Increased blood viscosity can also cause elevations of C-reactive protein (CRP), which have been accepted as evidence that atherothrombosis is an inflammatory disease. Because perfusion is inversely proportional to vascular resistance, increased blood viscosity, which increase vascular resistance, reduces perfusion of skeletal muscle. This will reduce glucose uptake by myocytes, reduce cytoplasmic glucose in myocytes, and prolong postprandial hyperglycemia. As a homeostatic response to decreased cytoplasmic glucose, myocytes synthesize the myokine interleukin-6, which initiates a homeostatic cascade that increases plasma levels of insulin, tumor necrosis factor-alpha and CRP [3].

Atherosclerotic plaques are organized mural thrombi

Organization is the process by which thrombi, exudates, and hematomas are remodeled into fibrous tissue.
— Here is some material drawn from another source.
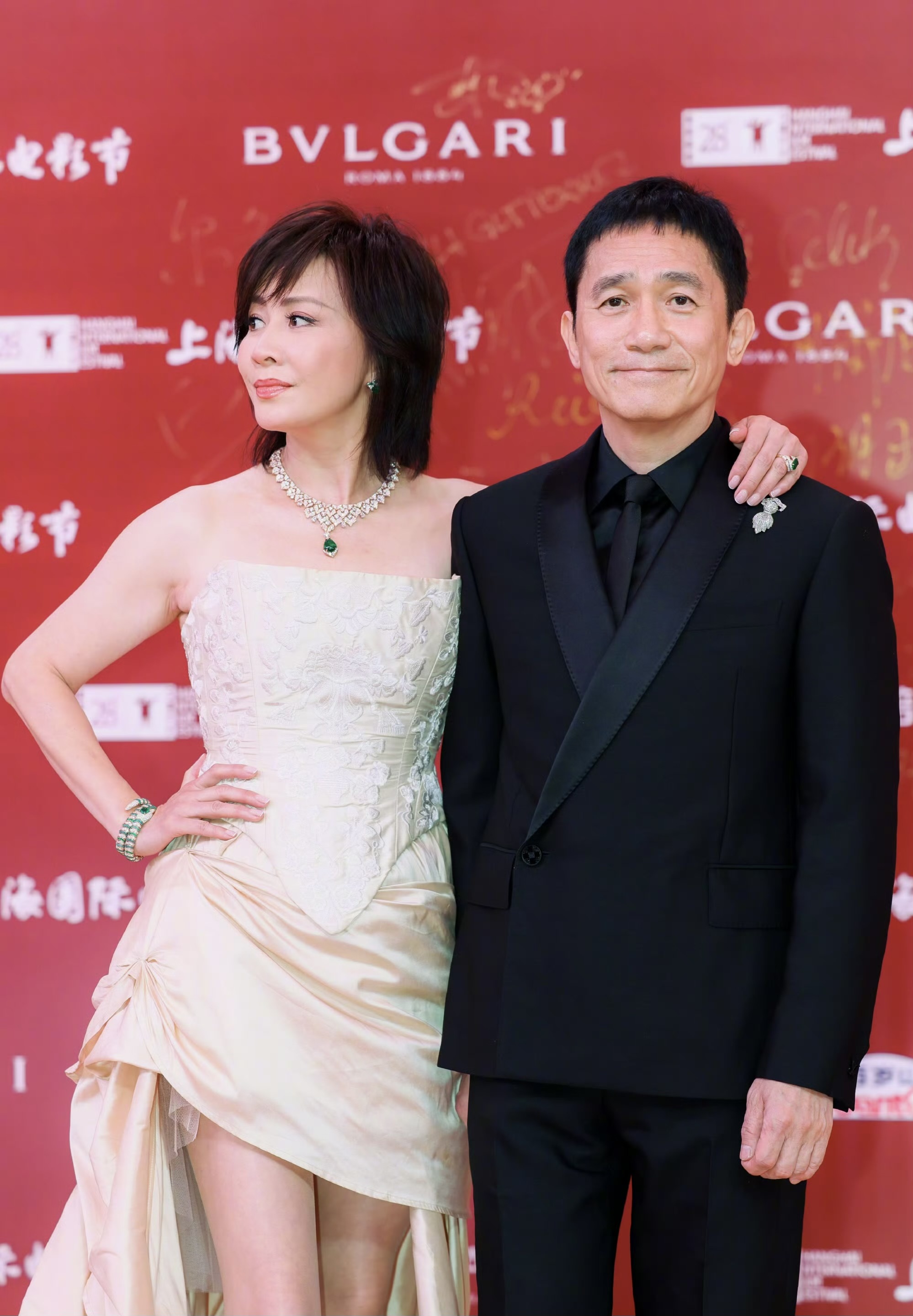 好喜欢梁朝伟、刘嘉玲两口子，他俩往那一站我就想笑。上海电影节红毯，影帝拘谨背手、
In this process, circulating progenitor cells of bone marrow origin are trapped within thrombi and differentiate into myofibroblasts which synthesize collagen and endothelial cells which form granulation tissue [14]. Cells of bone marrow origin have been identified in coronary lesions in recipients of sex-mismatched bone marrow [15] and cardiac allografts [16]. At a minimum, the organization of mural thrombi is acknowledged to add to the volume of an atherosclerotic plaque [17].

The progression of atherosclerotic plaques on serial coronary angiography is consistent with thrombogenic theory. Lesion progression is episodic, not linear, as would be expected if atherogenesis were a chronic, low-grade inflammatory process which begins in infancy with the development of fatty streaks. High-grade stenosis frequently develop on normal arterial segments, and most pre-existing lesions remain stable [18]. These findings also show that the distinction between primary and secondary prevention is largely arbitrary. The process which causes the development of a new high grade stenosis in a patient with a previous myocardial infarction is the same which caused the lesion that initially brought the patient to medical attention. Further, the likelihood of developing a new atherosclerotic plaque is increased by progressive aortic stiffening, increased blood viscosity with aging, and the adverse hemodynamic milieu distal to the initial atherosclerotic plaque. Thus, "secondary prevention" is more difficult to achieve than primary prevention. The prevention of additional adverse cardiac events in patients treated with the oral anticoagulant rivaroxaban after an initial adverse coronary event is evidence of the role of thrombosis in atherogenesis [19,20].

A growing body of literature has examined the role of platelets in the initiation of atherothrombosis, supporting an origin of atherosclerotic plaques from mural thrombi [21-24].

Completely organized mural thrombi and atherosclerotic plaques are morphologically indistinguishable [25]. The origin of atherosclerotic plaques from mural thrombi is demonstrated by plaques in synthetic arteriovenous grafts. These plaques are common, being present in 59 of 78 grafts in one study [26]. In these grafts, very high velocity blood flow results in platelet activation, flow separation, and a predisposition for atherothrombosis.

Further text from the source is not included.